The baffling question is not ‘why is Dungeon Keeper Mobile awful?’ but ‘why use the Dungeon Keeper IP in the first place?’ Whiles there was clearly a business case for taking The Sims and making The Sims Social due to a crossover of interested parties, Dungeon Keeper Mobile is clearly not for Dungeon Keeper fans, made clear by the mutilated art style garishly greeting you when you fire up the app, and it’s not like it has spectacular brand recognition in the wider market. It was possibly a grab for press attention but other than that there’s very little reason to drag this nostalgia fuel through the mud.
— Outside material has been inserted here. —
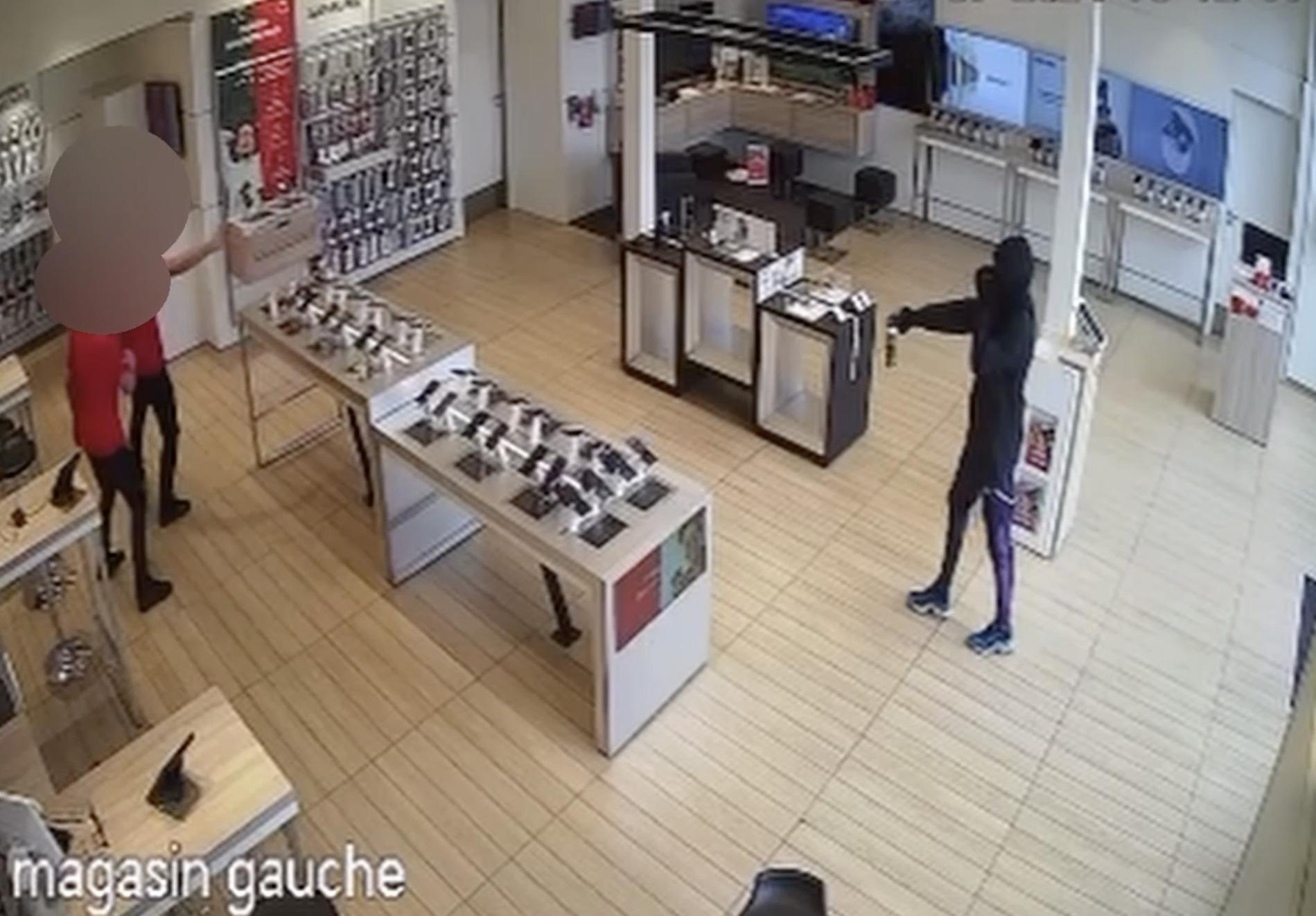 Explosion des braquages de smartphones : la razzia des «bébés-braqueurs»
There is something positive here. Thankfully this isn’t a bad sequel marking the nail in the coffin of a beloved series and could open the door for new Dungeon Keepers if the numbers end up looking good. EA shut the door on a third Dungeon Keeper game around a decade ago when it decided strategy games weren’t what the cool kids wanted anymore, so we can’t exactly blame this version for killing a thriving franchise. Maybe the analytics will be misinterpreted in our favour and we could have a slew of actual Dungeon Keeper sequels receiving funding before we know it. Naive? Probably. Out of the question? No and any games journalist can picture the inevitable news item they put together about EA botching the server support for the pointless internet connectivity requirement on said resulting sequel.

Dungeon Keeper Mobile is bad, but the EA Mobile/Mythic combination is not evil and they are doing their jobs admirably, albeit without the 100% score for marketing ethics that would be appreciated. The only possible result of this mess that affects the future of the Dungeon Keeper saga is a positive one and the most likely scenario does no damage, but simply does not change a thing.